The NLRB declined to comment.

There is a history of the labor board shifting positions on the question of graduate workers’ rights that tracks closely with the party in power. The board supported collective bargaining for grad students at New York University in 2000, but four years later, with new members appointed by President George W. Bush, it reversed the ruling in a case involving Brown University. That decision was then overturned in 2016 by a board largely appointed by President Barack Obama.

Teaching and research assistants at Columbia reignited the fight three years ago by filing a petition with the NLRB to join the United Auto Workers. The Massachusetts of Institute of Technology, Stanford University and the entire Ivy League submitted a brief that said bringing students to the table would disrupt operations if negotiations included the length of a class, amount of grading or what’s included in curriculum.

Michael Burrows, a doctoral candidate and research assistant at Duke University, said the contributions of graduate students as instructors and researchers should afford them the same basic rights as any other employee at a university. He said that after Trump’s election, union organizers at Duke sped up their campaign to join the SEIU out of concern that the new administration would overturn the Columbia ruling.

The results of the vote in February were indeterminate after the university challenged the eligibility of more than 500 ballots, but a preliminary tally was decidedly against unionization. Rashmi Joglekar, president of the Graduate & Professional Student Council at Duke, said students may not have “clearly understood the benefits or detriments” of being part of a union, and the campaign became very polarized.

Burrows said the university undermined the campaign by stripping voting rights from students who were not teaching during the semester and took a combative stance from the beginning. Duke spokesman Michael Schoenfeld called that perspective an “inaccurate assessment that doesn’t recognize the collaborative relationship that exists between graduate students and the university.” He said Duke just announced that it would be providing scholarships for all sixth-year graduate students, an issue that the graduate student council advocated.

Although the university will not recognize the graduate union, Duke students have affiliated with the SEIU.

“We want Duke to bargain with us … but dealing with the hand we’ve been dealt, this seems like the best-case scenario,” Burrows said. “We want to see teaching done better, research done better, so we’re trying to draw attention to that and oppose the increasingly corporate structure that we see at private universities.”

Herbert, at Hunter College, said there has been a divide among universities in how to engage graduate unions. While some schools have vehemently opposed student bargaining, others such as Brandeis, Tufts University and American University have let the process proceed with little objection.
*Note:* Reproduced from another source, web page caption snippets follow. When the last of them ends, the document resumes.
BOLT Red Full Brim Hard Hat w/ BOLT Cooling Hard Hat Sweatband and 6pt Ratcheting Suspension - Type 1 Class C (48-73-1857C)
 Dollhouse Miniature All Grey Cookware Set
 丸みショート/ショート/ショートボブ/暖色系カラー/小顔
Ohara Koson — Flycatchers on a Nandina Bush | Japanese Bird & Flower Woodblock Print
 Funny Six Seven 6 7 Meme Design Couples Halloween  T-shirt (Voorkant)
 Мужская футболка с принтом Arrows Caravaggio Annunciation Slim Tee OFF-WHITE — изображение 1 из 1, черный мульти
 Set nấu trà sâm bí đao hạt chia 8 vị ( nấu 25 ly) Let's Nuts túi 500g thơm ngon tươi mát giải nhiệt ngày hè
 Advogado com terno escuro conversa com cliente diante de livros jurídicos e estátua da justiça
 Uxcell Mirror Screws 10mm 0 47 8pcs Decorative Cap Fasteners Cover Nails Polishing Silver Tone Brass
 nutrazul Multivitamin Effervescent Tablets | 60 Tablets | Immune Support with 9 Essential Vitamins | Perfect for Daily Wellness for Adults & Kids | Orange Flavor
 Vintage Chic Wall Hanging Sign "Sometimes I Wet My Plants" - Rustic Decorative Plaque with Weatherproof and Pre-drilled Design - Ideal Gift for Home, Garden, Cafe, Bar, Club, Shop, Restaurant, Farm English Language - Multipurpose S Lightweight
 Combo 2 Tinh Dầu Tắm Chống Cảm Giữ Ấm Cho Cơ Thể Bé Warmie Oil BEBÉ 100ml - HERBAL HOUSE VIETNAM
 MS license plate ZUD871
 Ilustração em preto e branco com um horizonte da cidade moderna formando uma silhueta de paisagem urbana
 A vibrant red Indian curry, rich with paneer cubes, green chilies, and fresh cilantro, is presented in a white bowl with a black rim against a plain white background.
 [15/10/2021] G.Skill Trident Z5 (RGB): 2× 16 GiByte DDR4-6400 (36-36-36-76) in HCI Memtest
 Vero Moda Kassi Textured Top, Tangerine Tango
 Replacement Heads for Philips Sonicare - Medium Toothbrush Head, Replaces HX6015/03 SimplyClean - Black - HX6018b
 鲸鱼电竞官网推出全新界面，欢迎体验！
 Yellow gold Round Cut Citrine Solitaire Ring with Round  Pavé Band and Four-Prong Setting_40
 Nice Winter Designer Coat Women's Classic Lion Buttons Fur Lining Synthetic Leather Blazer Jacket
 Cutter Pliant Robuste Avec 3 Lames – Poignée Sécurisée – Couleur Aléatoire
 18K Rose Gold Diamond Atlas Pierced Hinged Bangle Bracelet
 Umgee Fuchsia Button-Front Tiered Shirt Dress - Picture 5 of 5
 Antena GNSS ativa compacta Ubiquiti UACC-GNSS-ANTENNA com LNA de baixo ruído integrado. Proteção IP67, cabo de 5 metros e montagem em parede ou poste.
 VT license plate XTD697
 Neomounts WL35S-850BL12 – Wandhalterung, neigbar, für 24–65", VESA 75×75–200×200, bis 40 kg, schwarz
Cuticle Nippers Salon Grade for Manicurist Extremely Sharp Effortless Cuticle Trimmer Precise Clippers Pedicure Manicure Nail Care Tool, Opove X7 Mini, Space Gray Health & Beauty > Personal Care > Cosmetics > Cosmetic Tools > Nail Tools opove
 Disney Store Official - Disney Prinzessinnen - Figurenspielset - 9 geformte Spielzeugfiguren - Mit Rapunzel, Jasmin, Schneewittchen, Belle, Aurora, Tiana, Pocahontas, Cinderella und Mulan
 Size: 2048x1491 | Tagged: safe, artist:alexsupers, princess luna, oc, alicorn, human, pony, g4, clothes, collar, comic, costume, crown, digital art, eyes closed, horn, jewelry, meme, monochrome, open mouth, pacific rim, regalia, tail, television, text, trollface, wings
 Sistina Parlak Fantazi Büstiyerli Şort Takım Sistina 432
Brandeis Provost Lisa Lynch said the university “looks forward to working with the SEIU to reach a collective bargaining agreement with PhD students who teach, and recognize them as vitally important members of our community.”

With the threat of a reversal of the NLRB ruling under Trump, universities could play an outsize role in the future of graduate worker rights. When the labor board overturned the NYU ruling, for instance, the university still chose to recognize its graduate student union.

“We hope that universities, as progressive institutions which have already taken legal actions against the administration, would bargain with us in good faith regardless of who Trump appoints,” Kreider said. “Student workers remain committed to organizing for improvements no matter what happens.”